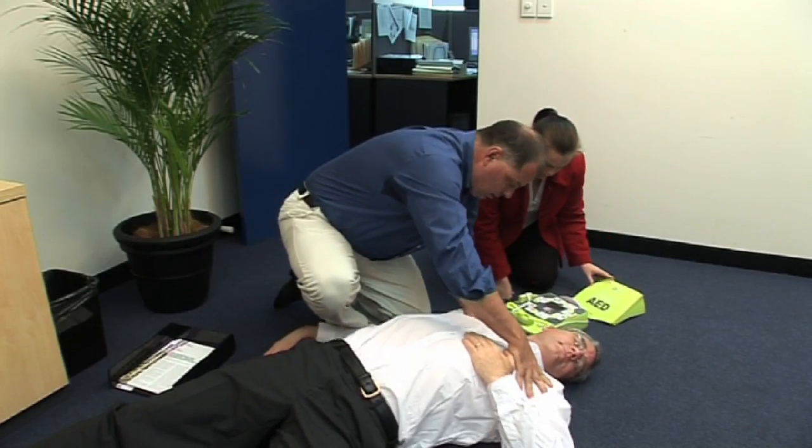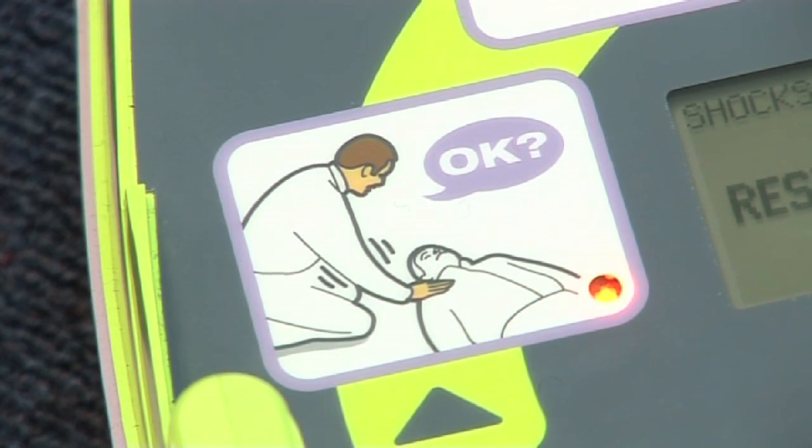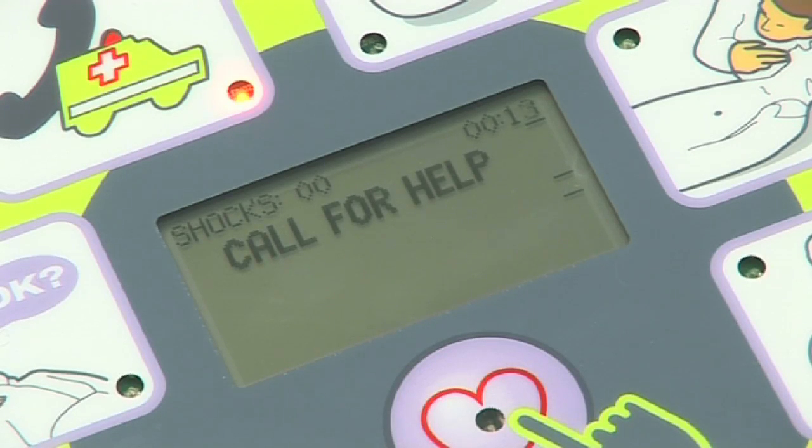The first command you will hear is to check for patient responsiveness. Do this by asking the patient to squeeze your hand or asking, are you okay? If you suspect that the person has had a cardiac arrest, then immediately have someone call an ambulance.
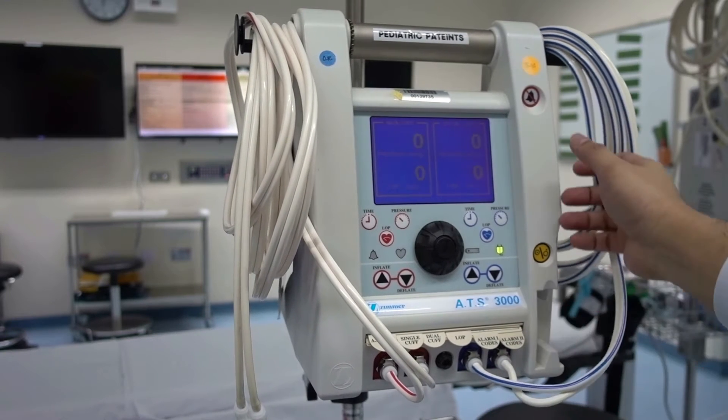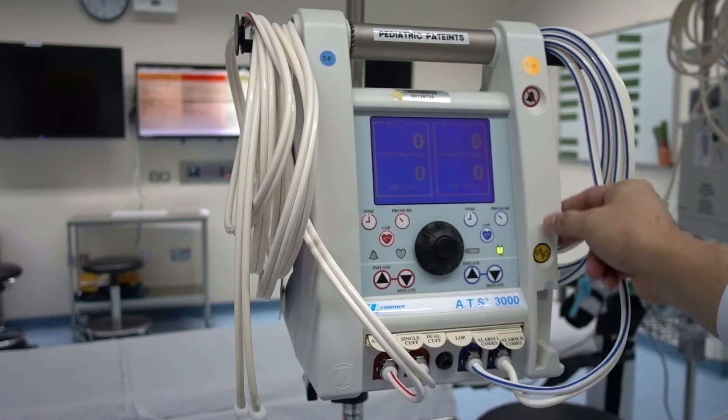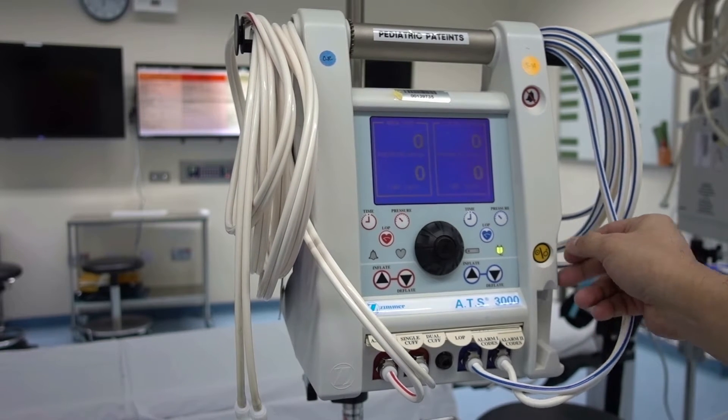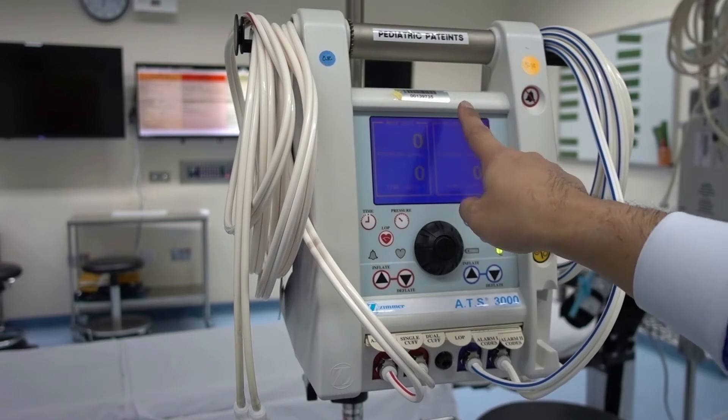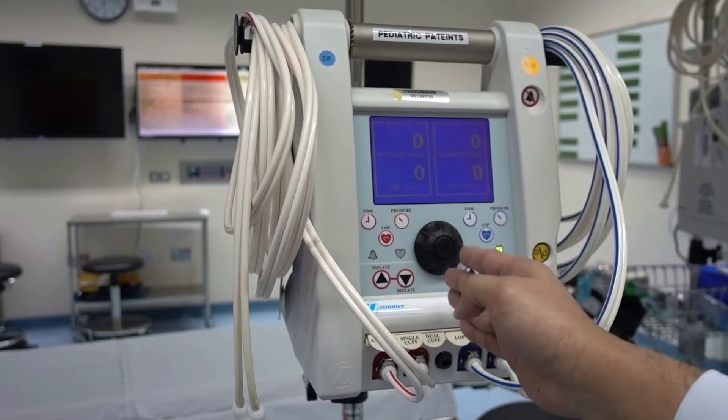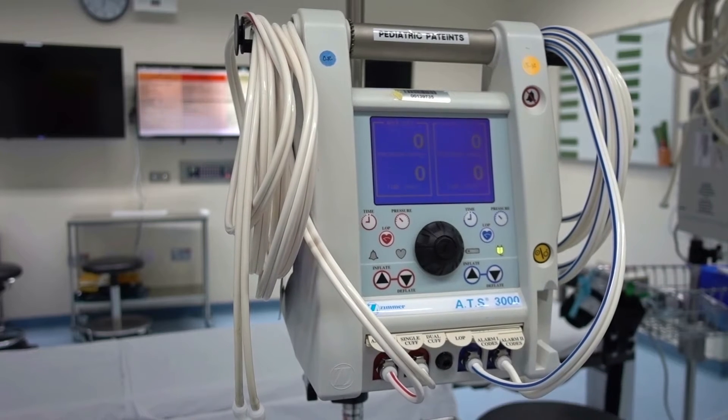On your right-hand side is where the alarm shut-off button is, and below that is the on and off button. The pressure setting on the right is for the blue cuff, and the control buttons for the red cuff are on the left side.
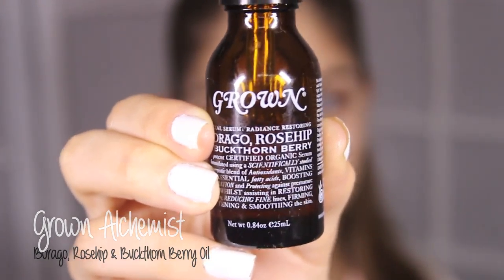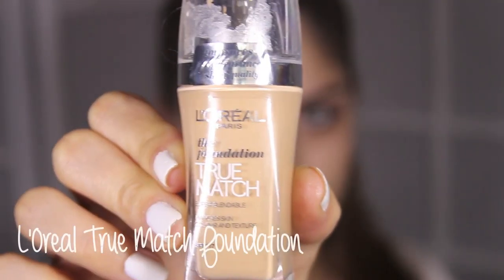First things first, I'm applying some of this Grown Alchemist Rosy Poy underneath my eye. I have extremely dry skin and this will give me a lot of hydration underneath my eye and also prevent creasing. So just apply your foundation as you normally would. I'm using L'Oreal True Match in the shade Golden Beige. I'll also list all products and brushes that I've used in the downbar. So just buff that all out to make sure there's no streaks.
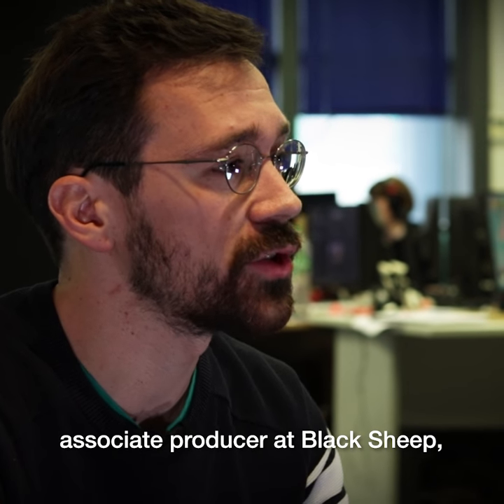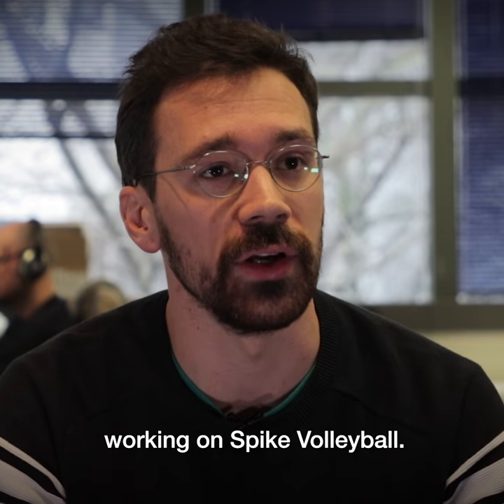Hi, I'm Guim Gamazas, Associate Producer at Blackship Studio, working on Spike Volleyball.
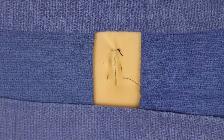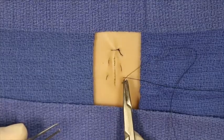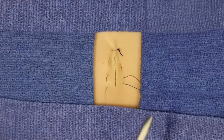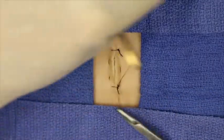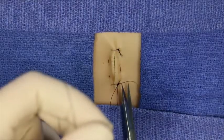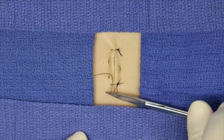This technique continues along the course of the wound until the end of the wound is reached, at which point an instrument tie is performed and the suture material is simply tied off. This leads to an everted wound edge, which is generally desirable, and reasonably good wound edge approximation.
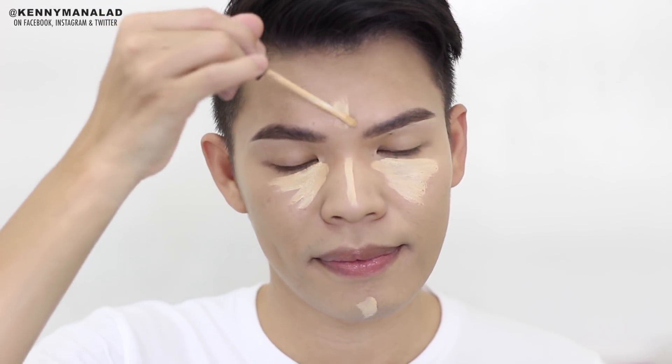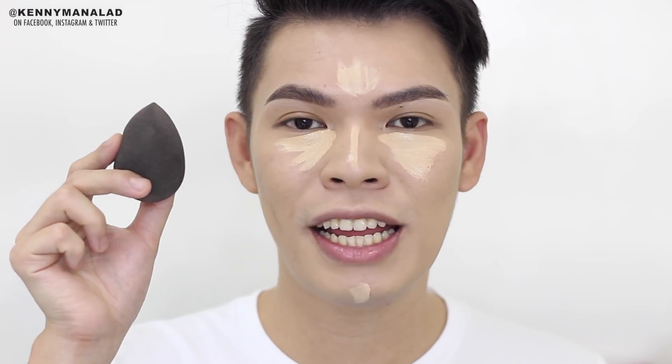Now that we're done with foundation, we can proceed to concealer. The product I'm using to conceal and highlight my T-zone area and under eyes is the Maybelline Fit Me Concealer in the shade Sand. I'm only applying a very small amount because I don't want this look to be full coverage — I want it to remain light so it's perfect for everyday and doesn't feel heavy on the face. To blend the concealer, I'm using the same Beauty Blender we used for the foundation.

#### ASSIGNMENT
Pictures stay out; everything else in the listing above gets restated word for word.

#### WRITTEN REPLY
The first command you will hear is to check for patient responsiveness. Do this by asking the patient to squeeze your hand or asking, are you okay? If you suspect that the person has had a cardiac arrest, then immediately have someone call an ambulance.
On your right-hand side is where the alarm shut-off button is, and below that is the on and off button. The pressure setting on the right is for the blue cuff, and the control buttons for the red cuff are on the left side.
First things first, I'm applying some of this Grown Alchemist Rosy Poy underneath my eye. I have extremely dry skin and this will give me a lot of hydration underneath my eye and also prevent creasing. So just apply your foundation as you normally would. I'm using L'Oreal True Match in the shade Golden Beige. I'll also list all products and brushes that I've used in the downbar. So just buff that all out to make sure there's no streaks.
Hi, I'm Guim Gamazas, Associate Producer at Blackship Studio, working on Spike Volleyball.
This technique continues along the course of the wound until the end of the wound is reached, at which point an instrument tie is performed and the suture material is simply tied off. This leads to an everted wound edge, which is generally desirable, and reasonably good wound edge approximation.
Now that we're done with foundation, we can proceed to concealer. The product I'm using to conceal and highlight my T-zone area and under eyes is the Maybelline Fit Me Concealer in the shade Sand. I'm only applying a very small amount because I don't want this look to be full coverage — I want it to remain light so it's perfect for everyday and doesn't feel heavy on the face. To blend the concealer, I'm using the same Beauty Blender we used for the foundation.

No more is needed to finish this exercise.